Skull fractures, especially at the base of the skull, can also cause cranial nerve injuries that result in compressive cranial neuropathies. All but three of the twelve cranial nerves project out from the brain stem to the head and face. Damage to the seventh cranial nerve, the most commonly injured one in TBI, can result in paralysis of facial muscles.[2]
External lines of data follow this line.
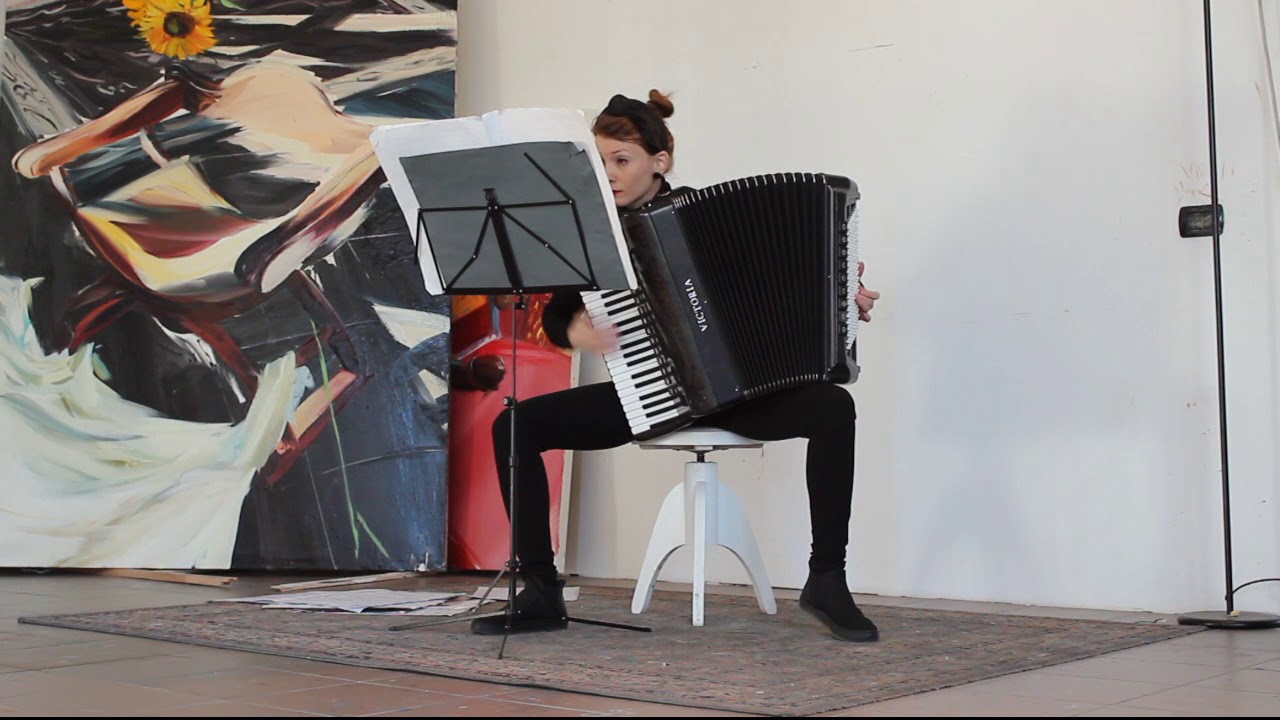 Luciano Berio - Sequenza XIII for accordion - Margherita Berlanda accodion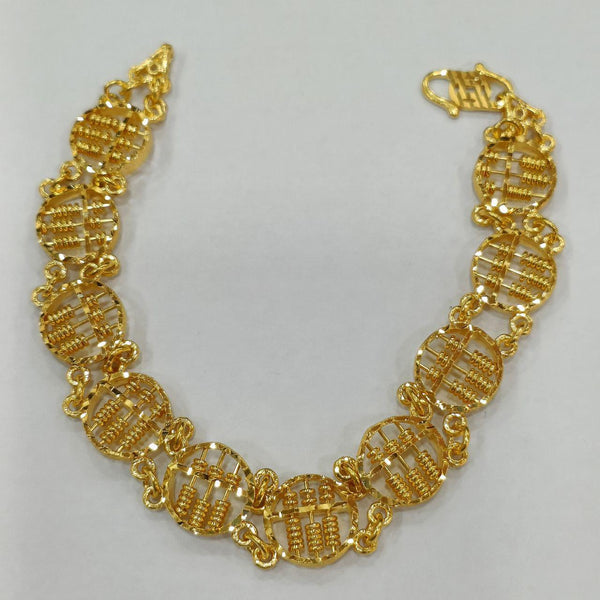22k / 916 Gold Round Abacus Bracelet-916 gold-Best Gold Shop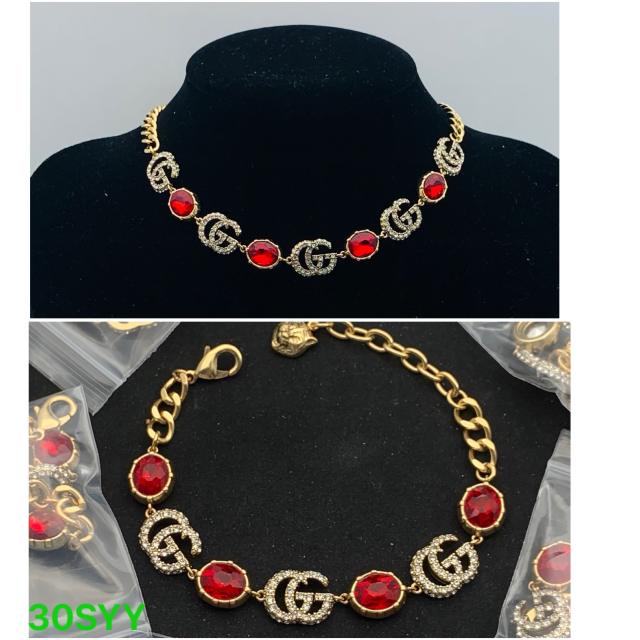 Bracelet and necklace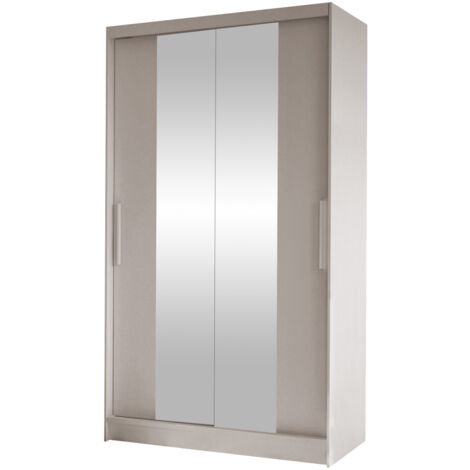 Armoire Closico 163, Cachemire, 200x100x58cm, Portes d'armoire: Coulissantes, Nombre d'étagères: 4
Any damage to the head or brain usually results in some damage to the vascular system, which provides blood to the cells of the brain. The body can repair damage to small blood vessels, but damage to larger vessels can result in serious complications. Damage to one of the major arteries leading to the brain can cause a stroke, either through bleeding from the artery (hemorrhagic stroke) or through the formation of a clot at the site of injury, called a thrombus or thrombosis, blocking blood flow to the brain (ischemic stroke). Blood clots also can develop in other parts of the head. Symptoms such as headache, vomiting, seizures, paralysis on one side of the body, and semiconsciousness developing within several days of a head injury may be caused by a blood clot that forms in the tissue of one of the sinuses, or cavities, adjacent to the brain.[2] Other types of vascular injuries include vasospasm and the formation of aneurysms.

Fluid and hormonal imbalances can complicate the treatment of hypermetabolism and high intracranial pressure (ICP). Hormonal problems can result from dysfunction of the pituitary, the thyroid, and other glands throughout the body. Two common hormonal complications of TBI are syndrome of inappropriate secretion of antidiuretic hormone (SIADH) and hypothyroidism.[2]

Trauma victims often develop hypermetabolism or an increased metabolic rate, which leads to an increase in the amount of heat the body produces. The body redirects into heat the energy needed to keep organ systems functioning, causing muscle wasting and the starvation of other tissues. The nutritional management of patients with TBI, including the provision of adequate calories and protein through an available route of administration to balance consumption, is thus critically important in order to avoid complications related to hypermetabolism and resulting malnutrition. Provision of food through a feeding tube may be temporarily necessary to meet the nutritional needs of the patient with a severe TBI, until they are awake and able to eat and swallow safely without risking pulmonary aspiration and the development of aspiration pneumonia. Sometimes the use of parenteral feeding is necessary if the patient has associated injuries or complications that prevent direct access to the digestive system.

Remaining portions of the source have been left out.